Mirroring what would be a typical exploratory effort we will follow these steps:
1. Is there potential for our candidate technique to even work? What measurements would help us decide whether the idea is worth exploring further? Recall it is easier to show that something does not hold than that it does (prove that something is not true rather that it is). Mirroring the paper we want to first characterize instructions based on how many operands they need to wait for when they first enter the scheduler. Let's try to create a graph where along X we list the workloads. No need to do multiple scheduler sizes. Let's pick 128. The Y axis will be the fraction of instructions, up to 100%. List three categories: no need to wait on any operand, need to wait on 1 operand, and need to wait on 2 operands. Show these as stacked bars.

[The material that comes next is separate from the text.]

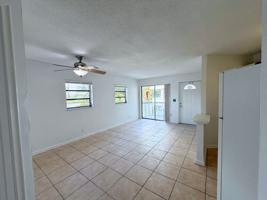 featured image of 519 W Kalmia Dr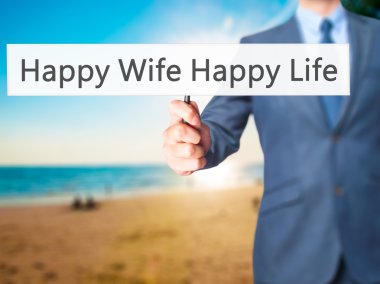 Ücretsiz teklif - dokunmatik ekran butonuna işadamı el basarak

Any time we use simulation we are creating a model of a hypothetical machine. A critical consideration is correctness and then accuracy. Let's talk about correctness. How do we know that the model we created is correct. That is, it properly models what it is supposed to. In our case, the question transforms to: how do we know that the measurements we are collecting are correct. We need some validation test. However, “validation” is too strong a word here as it means making sure that it is absolutely correct. This is hard to do. So, lets instead talk about increasing our confidence that the measurements are correct.
For this purpose you will have to create a set of synthetic workloads (microbenchmarks) for which you know what the measurements should look like. It's up to you to figure out what these should be. I would suggest creating at least 3: 1. Worst case, 2. Best case, 3. “Average case”. Deliverable 1: The microbenchmark code and an explanation of why you think they are good validation microbenchmarks.

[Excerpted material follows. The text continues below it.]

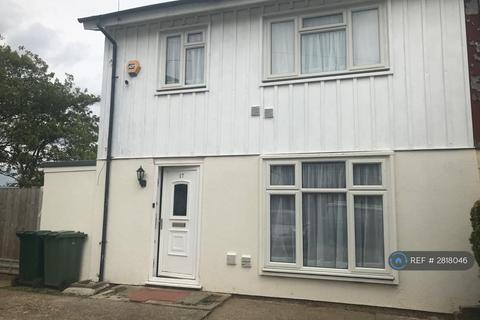 3 bedroom semi-detached house to rent, Laburnum Way, Staines-Upon-Thames, TW19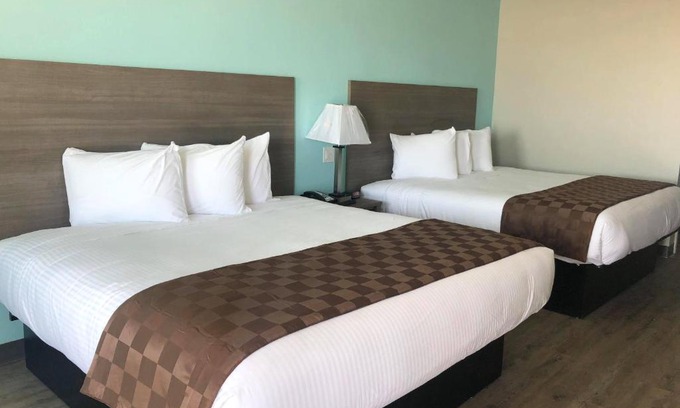 San Jacinto Hotel | Mariner Inn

Deliverable 2: The above referenced graph for the workloads we have provided. No need to run the full 1B instructions. Feel free to do just 100M for all workloads except for gcc. For gcc run the full 1B.
2. Predicting the last tag: Assuming that the first set of experiments provide enough motivation to move forward, let's now try to build a predictor for the last tag. We will not be changing how the scheduler works. We will just check whether we can predict and with what accuracy which of the two operands an instruction should wait for. Let's try to report results as a graph where: X are the benchmarks and Y is accuracy (up to 100%). Let's us only focus on a 16K entry predictor which ought to be similar to what is described in the paper. Let's use 8 bits of global history and let's use the lower 14b of the instruction address (after we omit the lower bits that are always zero). Xor the bits with the upper 16b of the instruction address first and then index the table. The entries should be 2 bit saturating counters.
Deliverable 3: the accuracy measurements graph. In addition, instead of just reporting correct/wrong, what other categories you think would be useful.
3. We will not need you to change the simulator to model execution with the technique. This may be trickier than it looks. We may revisit this in a later assignment.